MR: There are also references to the history of the 20th century, to figures like Lenin, Hitler or Goering. Do you invoke them because you want to address contemporary issues?
AG: We inevitably live in a post-WWII epoch, which means that we constantly have to look back to that watershed moment in order to understand our present condition. Rather than historic figures, Hitler and Lenin appear as ghosts in my paintings. Indeed, I chose to paint them in very few instances and their presence is not conspicuous at all. It was a period in which I tried to depict their residual image in the collective unconscious, painting after such clichéd photographs like the ones with Lenin lying dead, an image familiar to millions of people. With Goering — whose portrait was featured in “The Collector” series — the motivation was slightly different. I was more interested in his personality; for me, he truly embodied the archetype of the rapacious collector. I tried to grasp the psychological complexity of this man driven by a collecting bulimia, which in the end was totally compromised by his power.
MR: Your work is often discussed in relation to Communism. Last year you appeared in a video-film painting a portrait of Ceaușescu. To what extent does your work deal with the legacy of Communism?
AG: I am particularly interested in the state of exceptionality that characterizes everyday life in totalitarian regimes, not just Communism. In such circumstances everything is being distorted. However, in terms of subject matter, national-socialism is more present in my work. But there are more subliminal, subterraneous ways in which I was marked, for example, by early memories of my life lived under the Communist regime.

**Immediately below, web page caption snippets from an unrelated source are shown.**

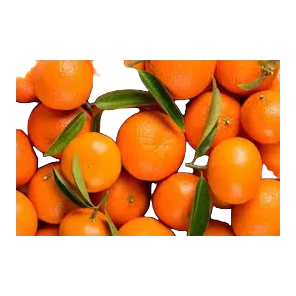 Mandarina T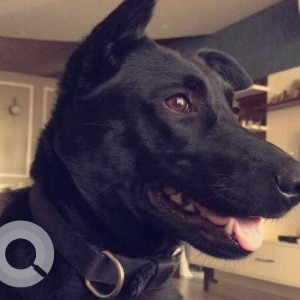Missing: Black Female Labrador Dog from Sector 19, Main Mathura Road
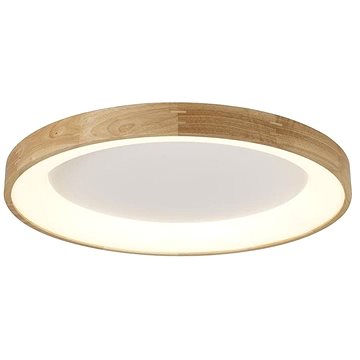 

Azzardo AZ2698 - LED Stropní svítidlo SILVAM 1xLED/50W/230V
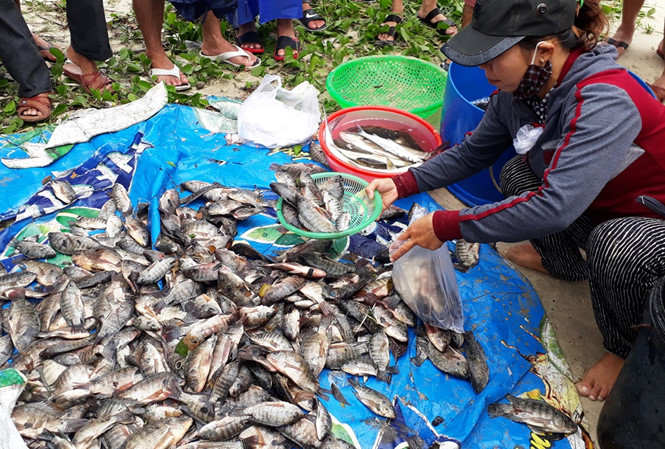 Mưa lịch sử tại Đà Nẵng 'giúp' người dân vớt cả tấn cá mua lich su tai da nang giup nguoi dan vot ca tan ca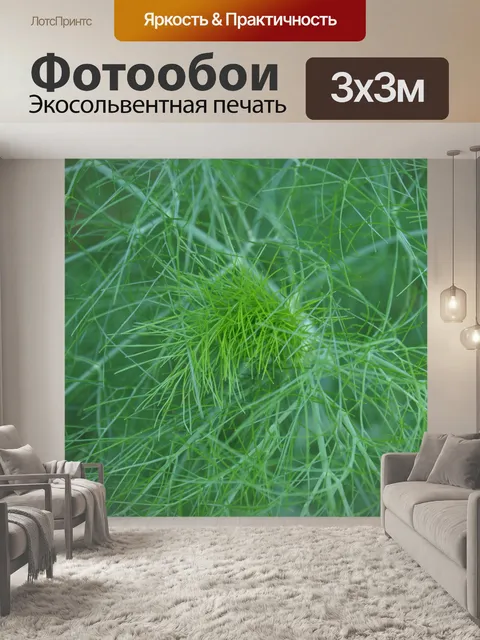 Фотообои Нежная зеленая трава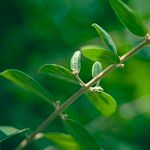 Congea tomentosa Corteza
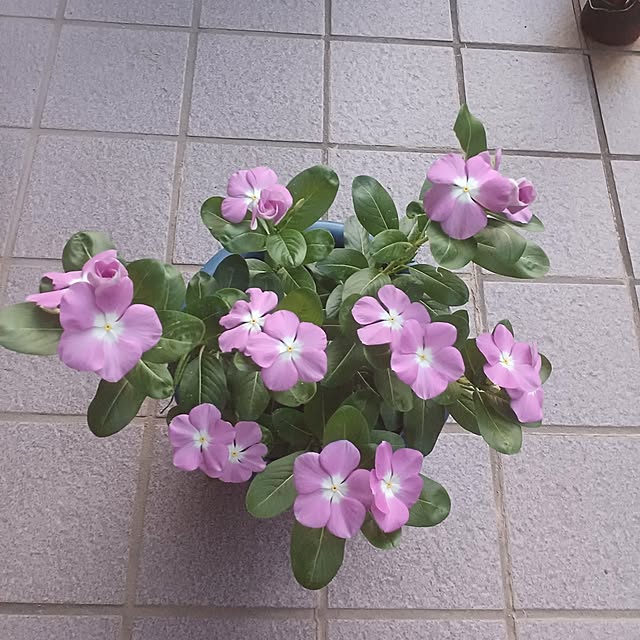 tuushiさんの実例写真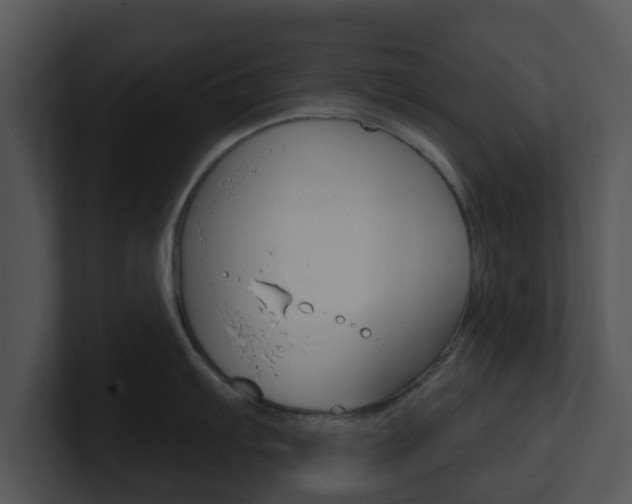 X0000100971103200806241159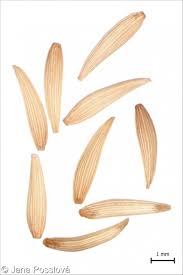 Attēlu rezultāti vaicājumam “Lapsana communis fruit”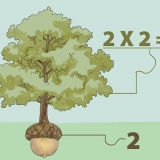 Calculando uma raiz quadrada sem uma calculadora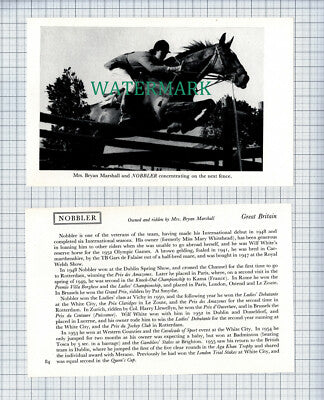 C4575) NOBBLER Mrs Bryan Marshall Horse Jumping - 2 Part Clip c.1955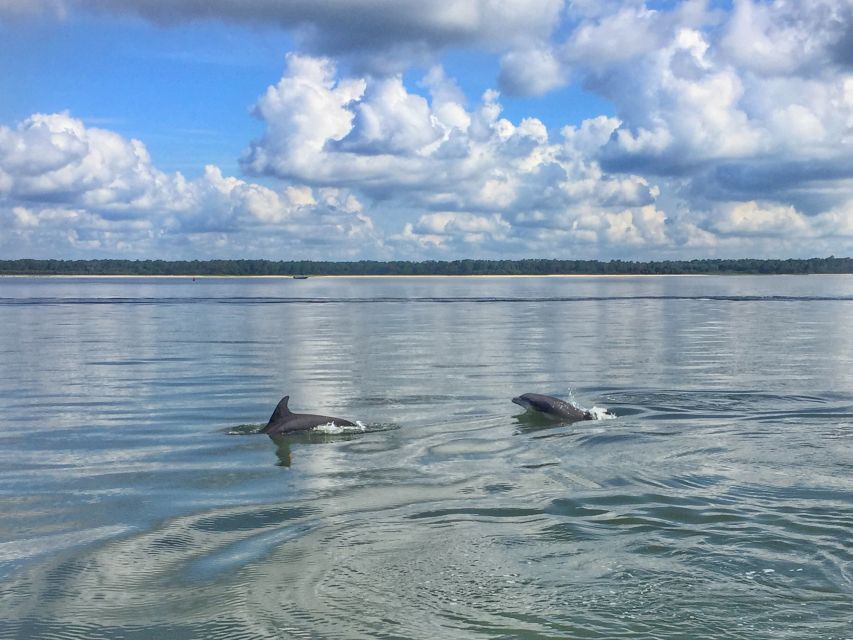 Hilton Head Island: Sunset Creek Cat Boat Tour - Customer Reviews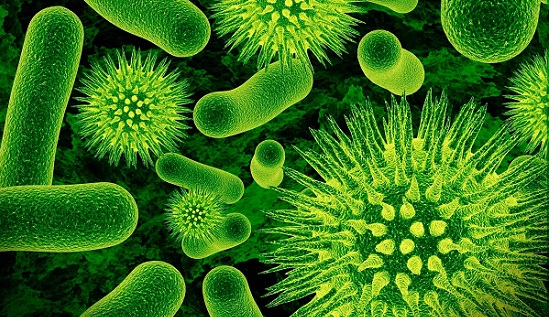 10 научных фактов о вирусах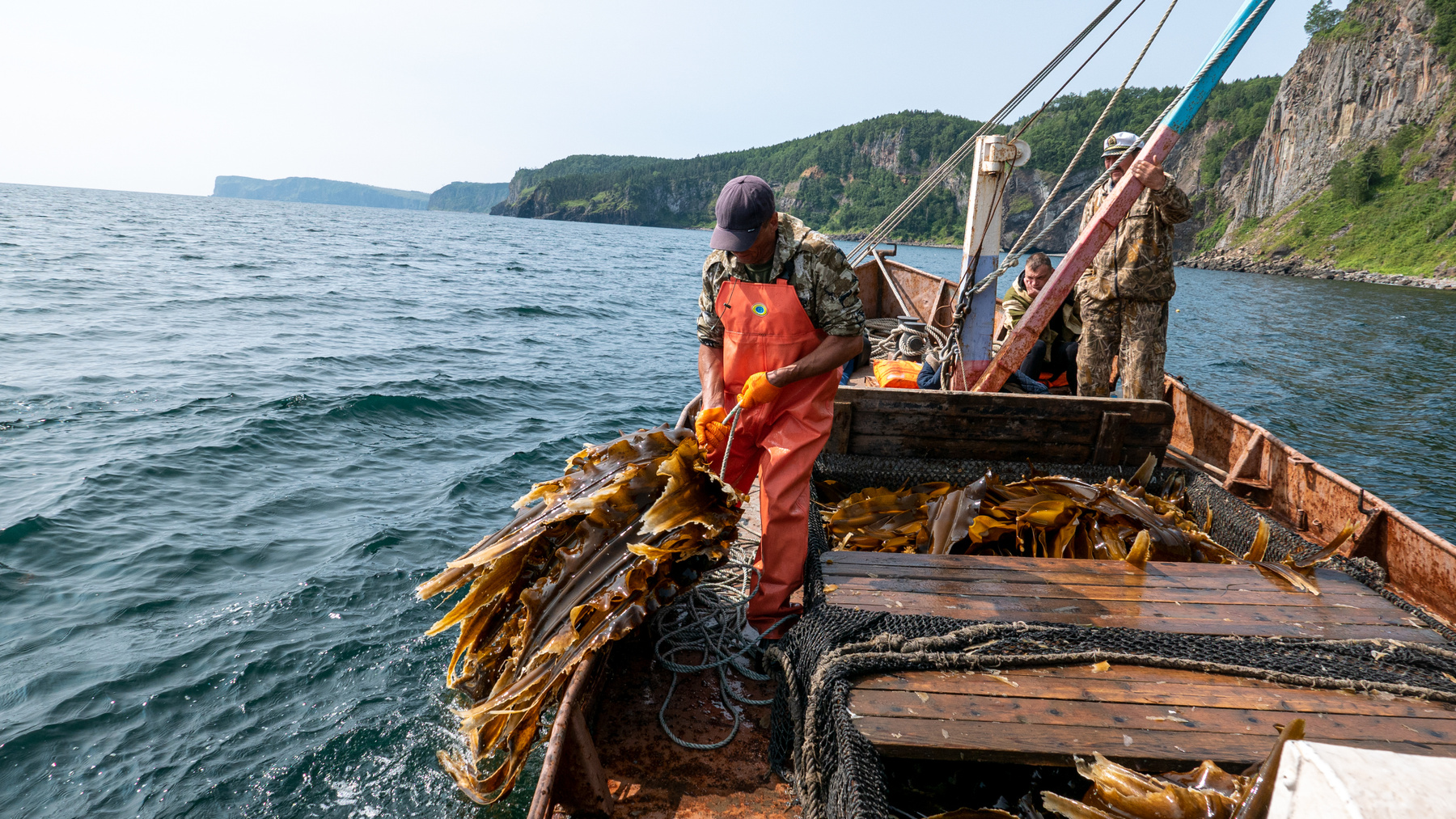 За капустой на дно морское 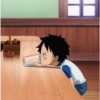 Luffy 15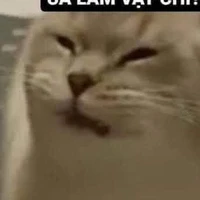 Bàng Thị Thùy Giang cô gái lực điền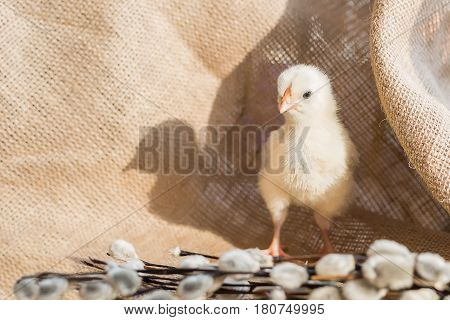 A light yellow little chicken next to a willow branch on a background of rough fabric. Little depth of field focus on the head of a chicken.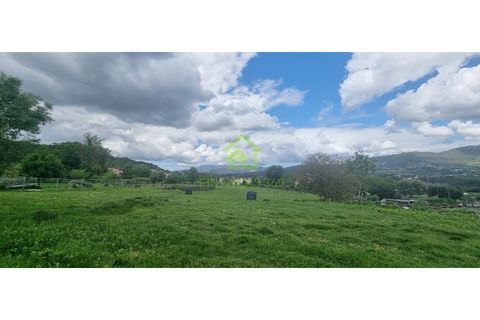 Farm i Ponte de Lima, Viana do Castelo, Ponte de Lima - € 750.000 | Ref: MAS_30 - foto 12
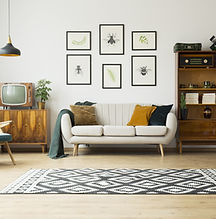 Fresh Living Room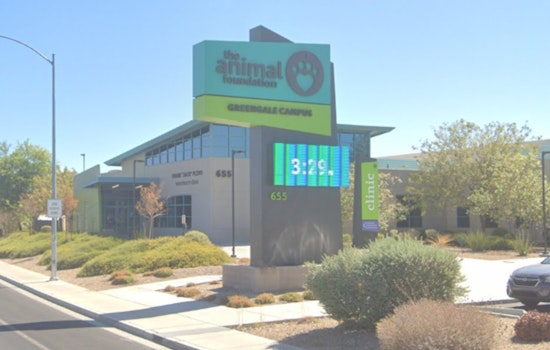Las Vegas Animal Foundation Offers $200 Incentive to Foster Dogs Amid Overcrowding Challenge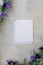 White notecard mockup and lilac on gray wash background flat lay copy space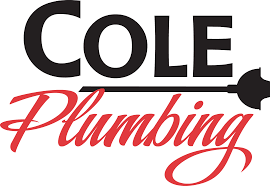 Maybe you would like to learn more about one of these? How Can I Take Care Of The Drains In My Home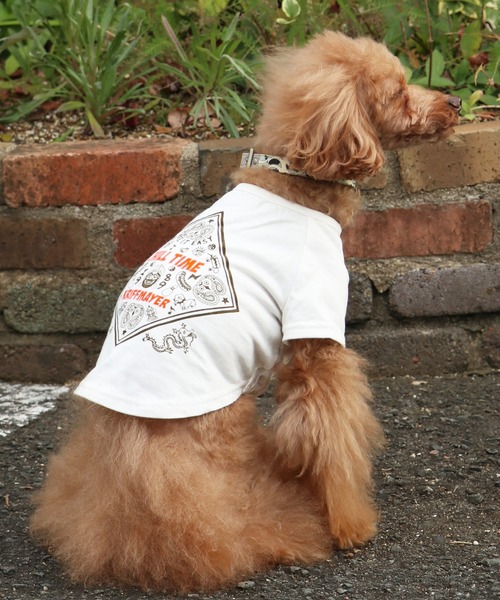 KRIFF MAYER（クリフメイヤー） 犬 服 「犬服・ドッグウェア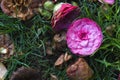 Ponk camellia in the grass Royalty Free Stock Photo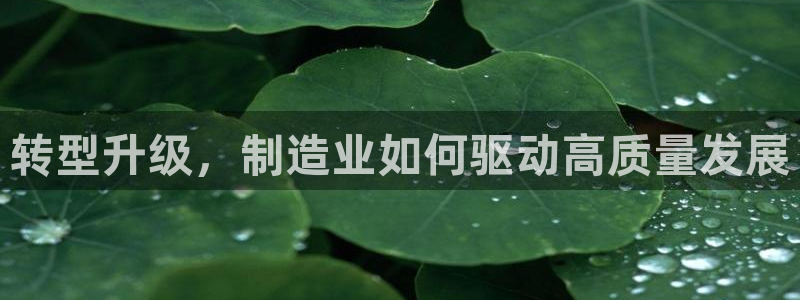 乐发彩票网平台带人玩的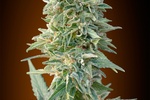 Image of Auto Jack Herer Fem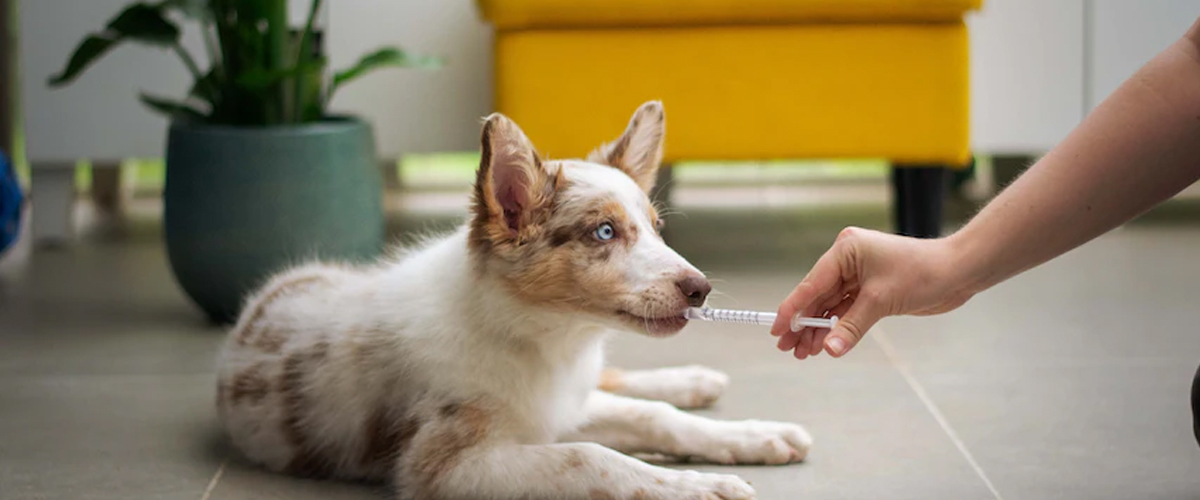 GIVING MEDICINE
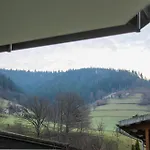 Apartman Sterzl Mit Terrasse Im *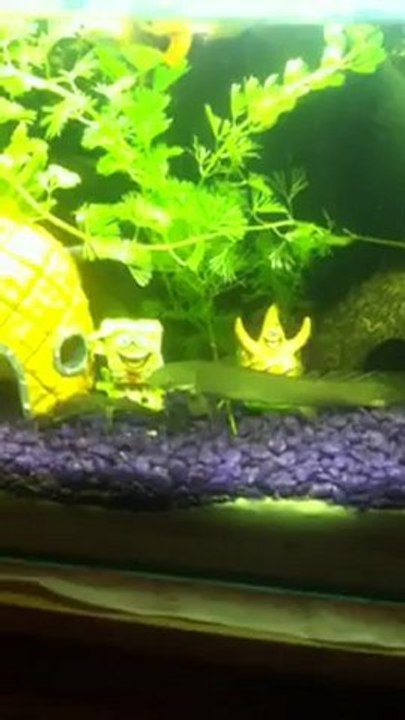 mon 2eme serpent d'eau douce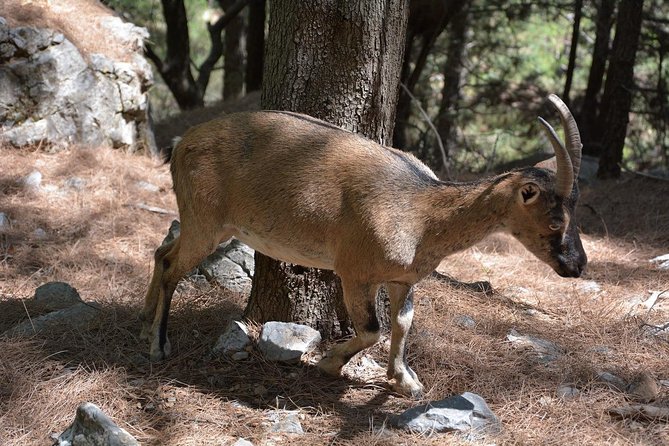 Samaria Gorge Hike - Reaching the coast and taking the ferry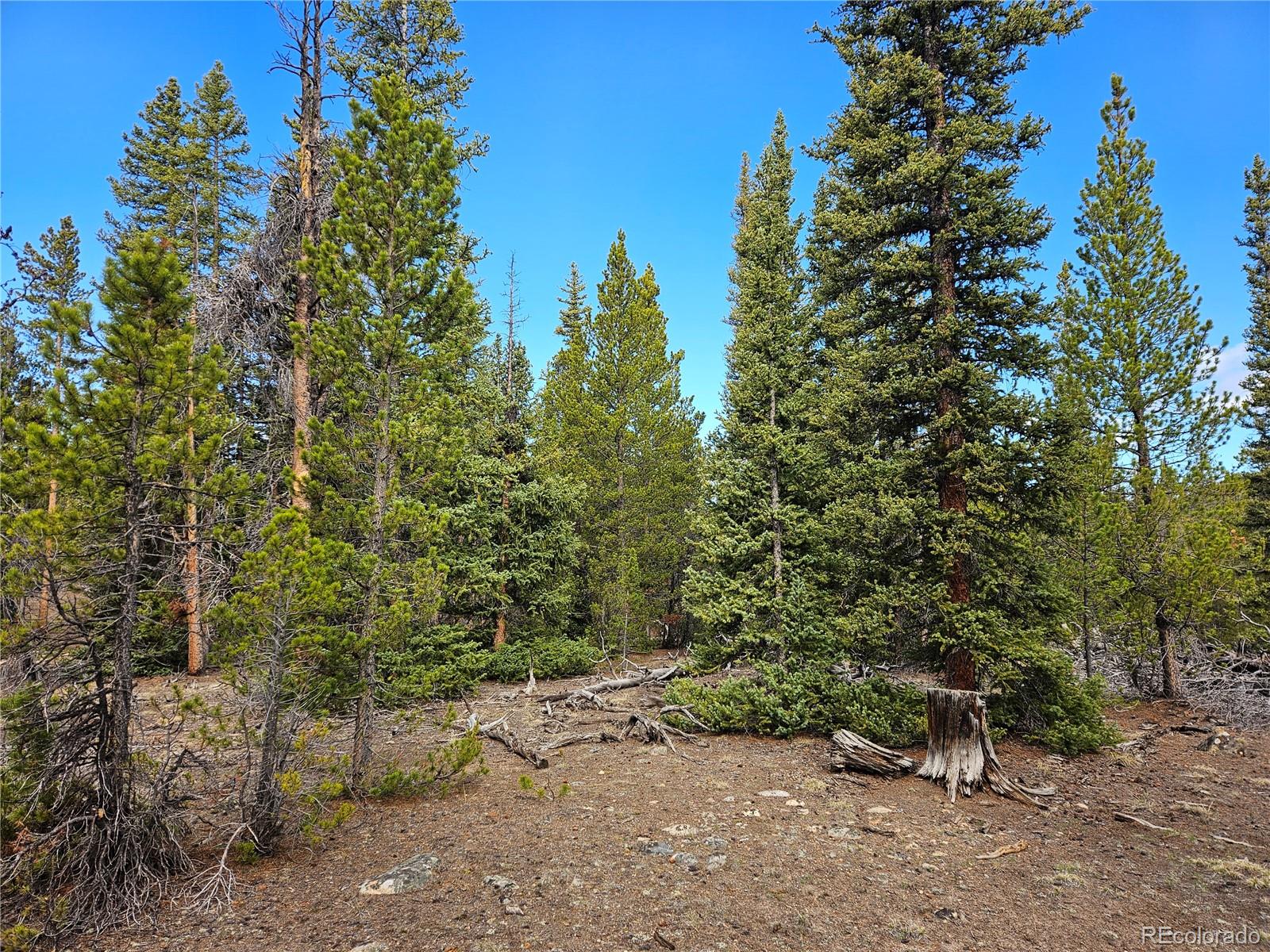 PCS#7765 & 12057 Rollies Trail Alma CO 80420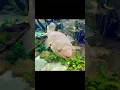 Download Lagu Dragon fish at the Georgia aquarium|Atlanta city#shorts#ytshorts#Aquarium#sea life..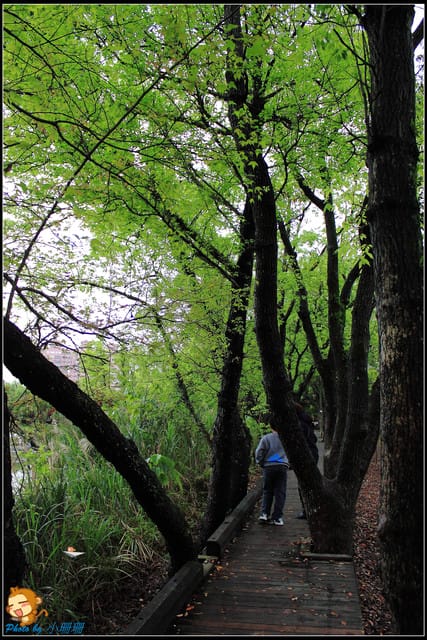 《遊記—宜蘭》羅東林業文化園區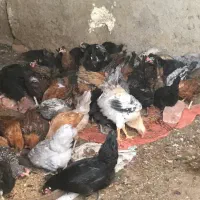 جوجه خروس و مرغ محلی درجه یک|حیوانات مزرعه|مرودشت, مسکن مهرگان|دیوار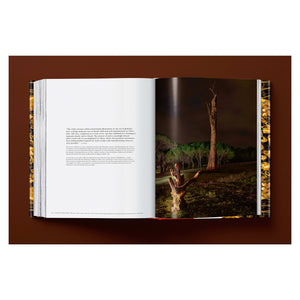 Ai Weiwei. Updated Edition (German, French, English)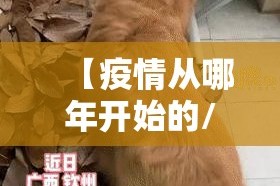 分享实测越乡游麻将开挂软件方法其实确实有挂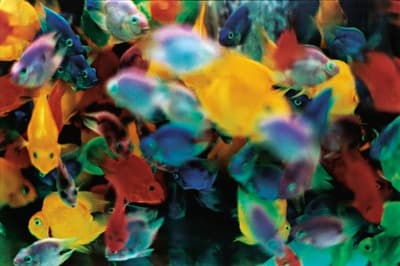 a group of colorful fish swimming in a tank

The basement of our family home was a space which contained many objects that were discarded, and this space represented for me the true receptacle of personal memories. The painting Basement Feeling (2007) is one of the few autobiographic works that captures this melancholic encounter with my past. The work with Ceaușescu is a project by Ciprian Mureșan; he wanted me to paint an official portrait of the dictator, giving me indications to comply to all the parameters of a conventional and neutral posture, as if an artist of that epoch had received this commission. The overwhelming majority of such portraits were horribly painted and ridiculous, so we wanted to find out if, given the imposed iconography, it was still possible to make an aesthetically passable work. It is an open experiment; the portrait turned out ok, but still, we didn’t exactly live in those times.